--- Aim of the task ---
Write out all records as given; omit images.

[Captioned web images]
....
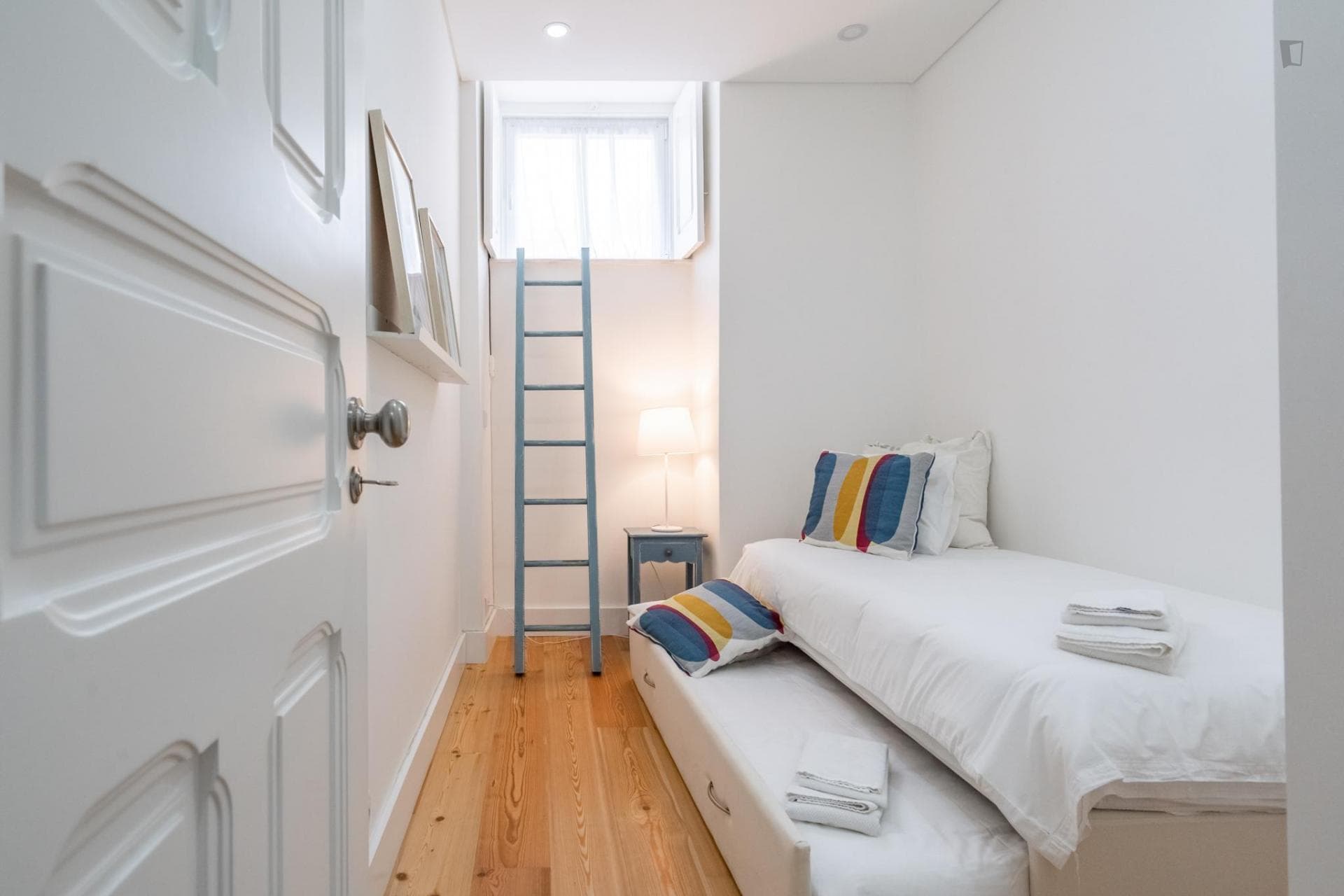 Wonderful 2-bedroom apartment with a backyard, in Anjos photo 1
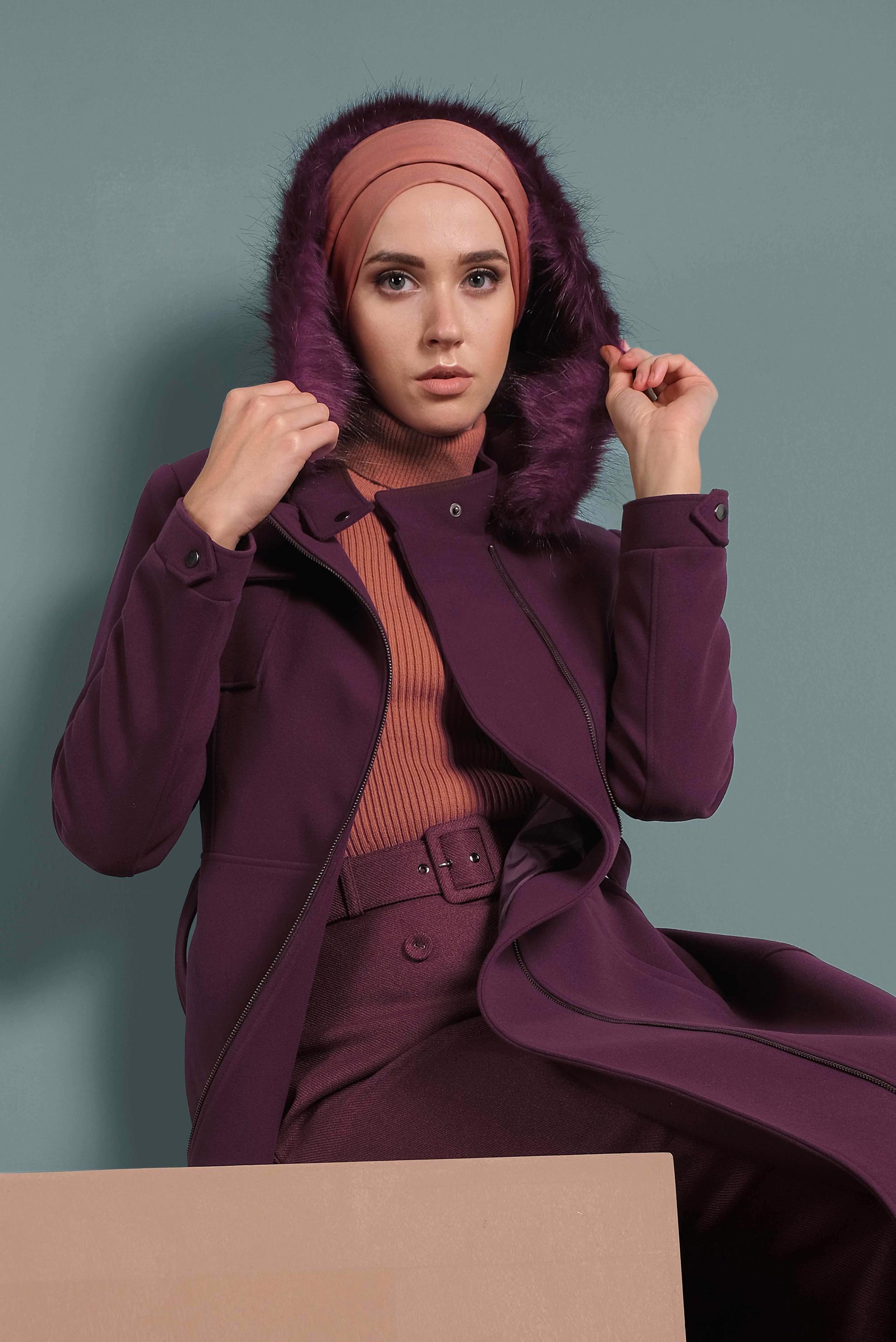 Tesettür giyim MÜRDÜM KEMERLİ KAŞE MANTO 90040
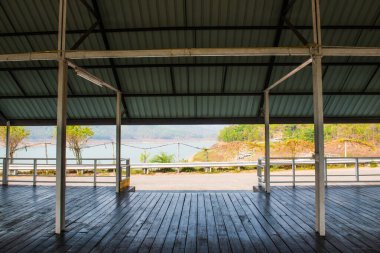 Doğal manzaralı ahşap zemin, Tayland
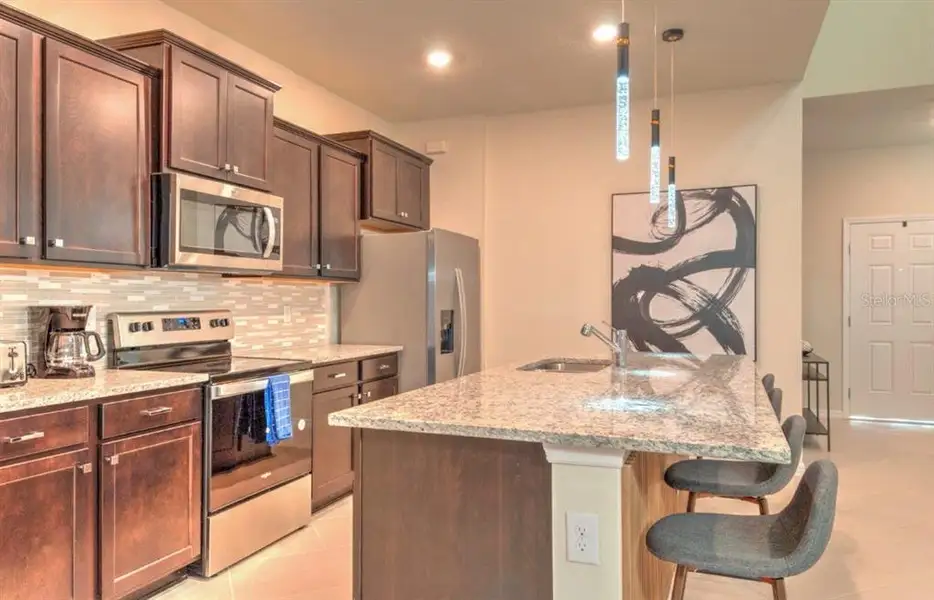 Furnished interior view inside a new home in , Clermont (Image 10).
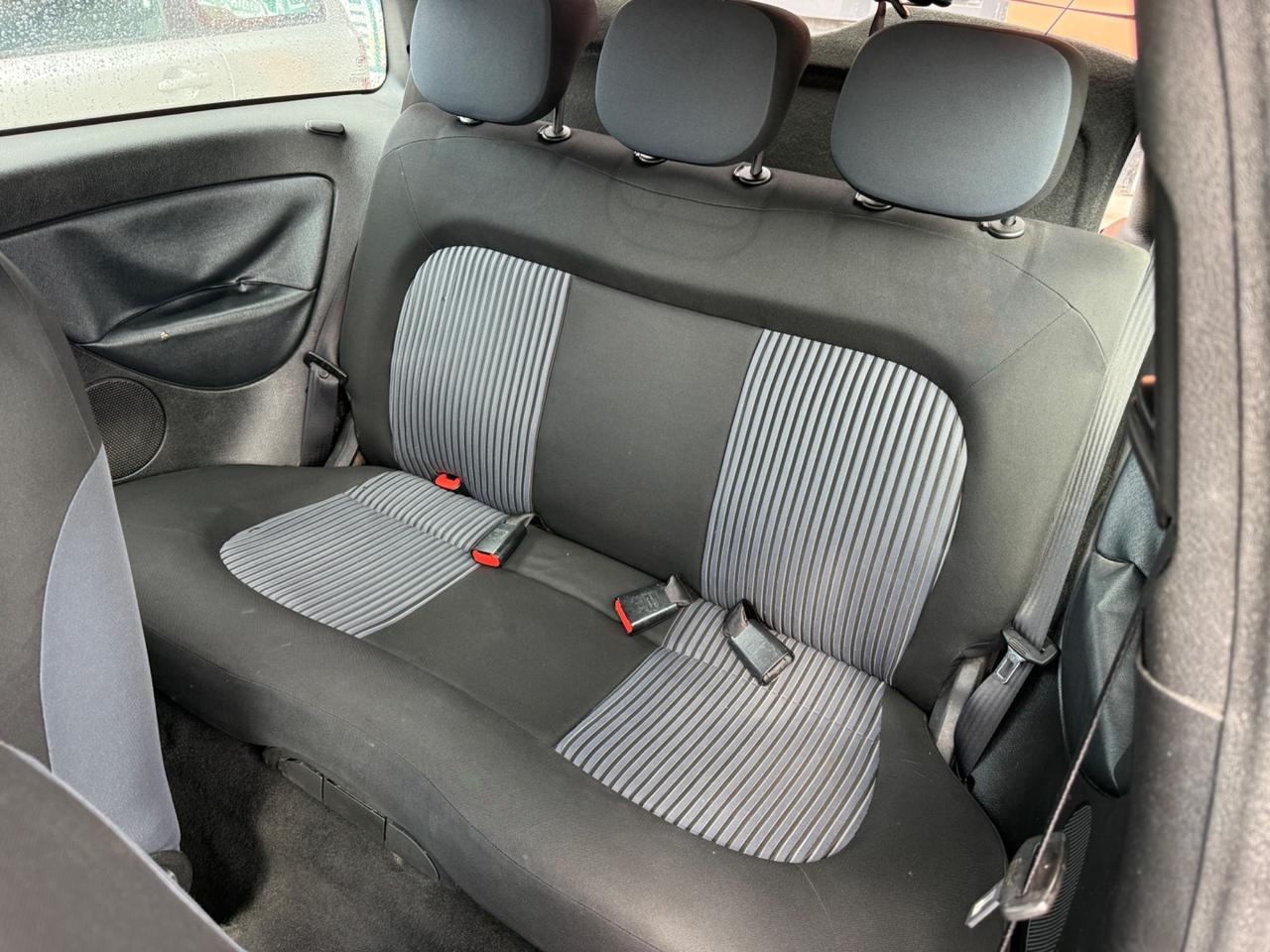 Lancia Ypsilon 1.3MJT 75CV Platino NEOPATENTATI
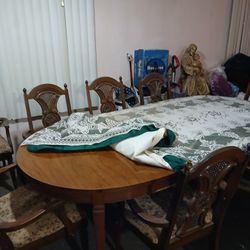 Dinning Table W/ 8chairs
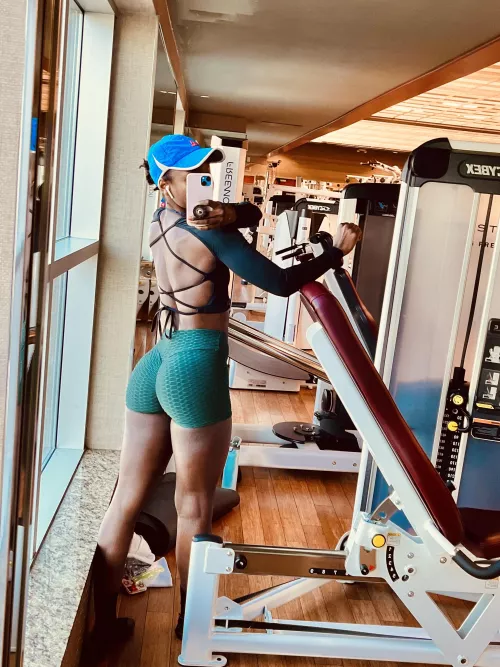 Gym selfie for you 😊❤️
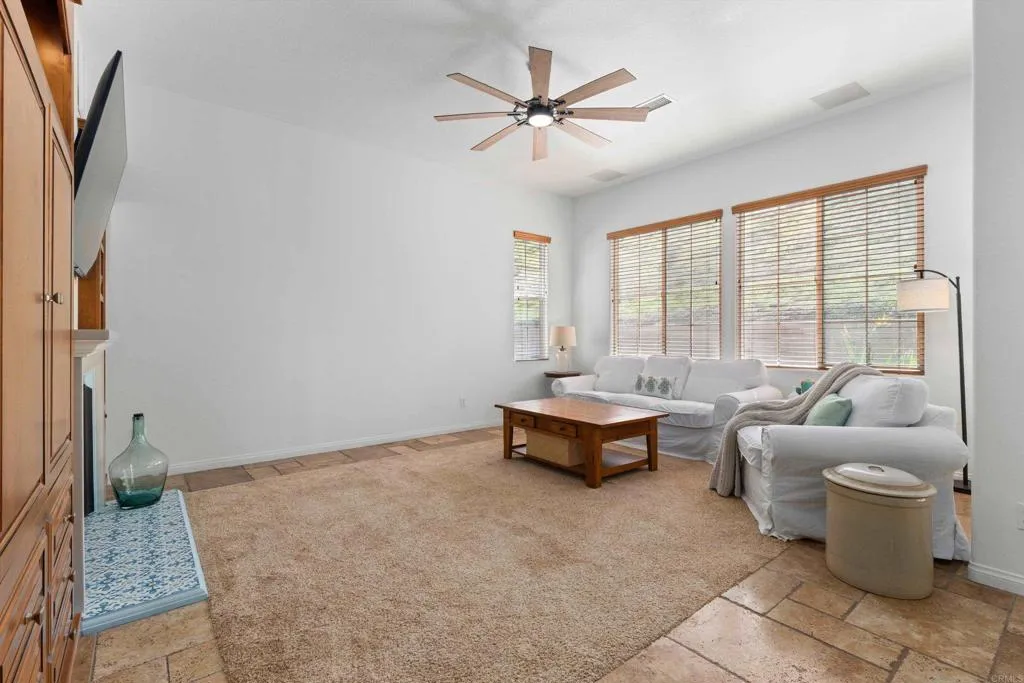 642 Via Del Campo, San Marcos, CA 92078 642 Via Del Campo, San Marcos, CA 92078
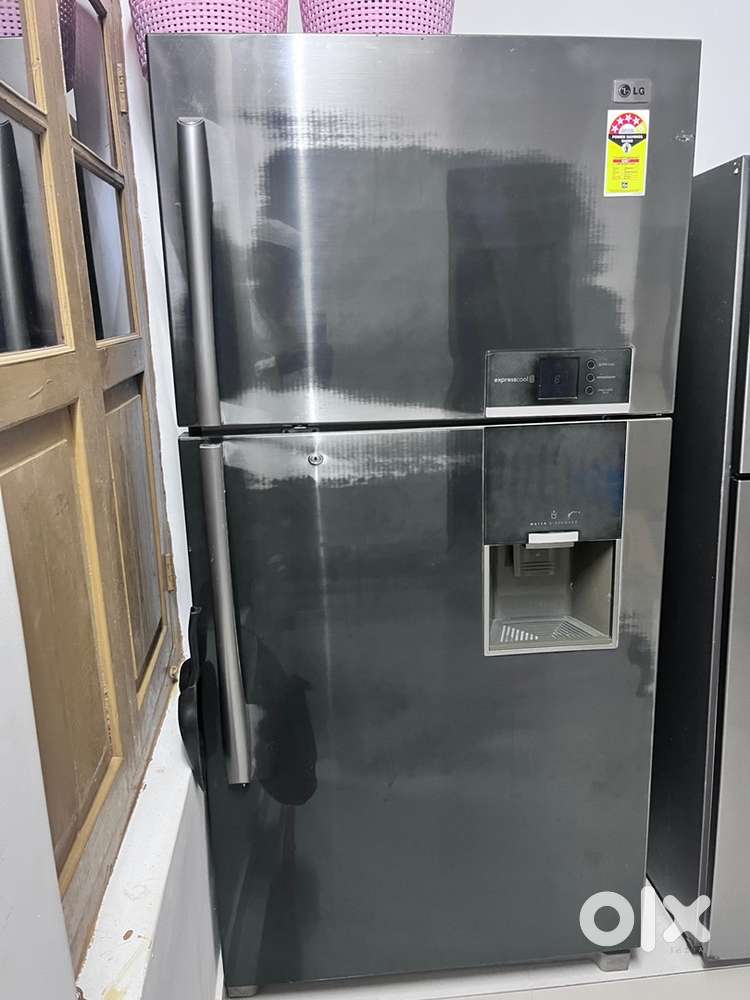 Lg fridge for sale door broken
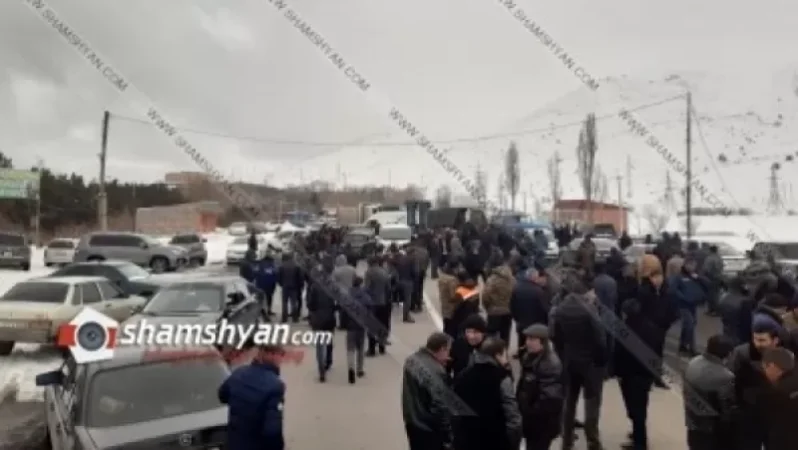 Գյուղացիները փակել են Երևան-Սևան-Իջևան ճանապարհը․ խցանումը հասնում է մի քանի կիլոմետրի
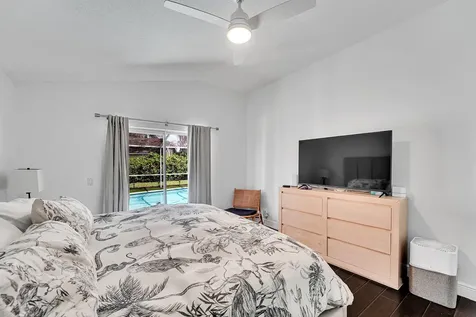 945 Sunflower Avenue Delray Beach FL 33445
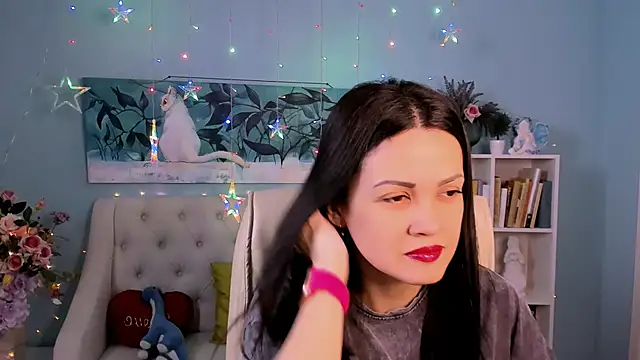 KarolinaRobinson online show from February 5, 2025, 11:44 am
....
--- Response ---
 Wonderful 2-bedroom apartment with a backyard, in Anjos photo 1
 Tesettür giyim MÜRDÜM KEMERLİ KAŞE MANTO 90040
 Doğal manzaralı ahşap zemin, Tayland
 Furnished interior view inside a new home in , Clermont (Image 10).
 Lancia Ypsilon 1.3MJT 75CV Platino NEOPATENTATI
 Dinning Table W/ 8chairs
 Gym selfie for you 😊❤️
 642 Via Del Campo, San Marcos, CA 92078 642 Via Del Campo, San Marcos, CA 92078
 Lg fridge for sale door broken
 Գյուղացիները փակել են Երևան-Սևան-Իջևան ճանապարհը․ խցանումը հասնում է մի քանի կիլոմետրի
 945 Sunflower Avenue Delray Beach FL 33445
 KarolinaRobinson online show from February 5, 2025, 11:44 am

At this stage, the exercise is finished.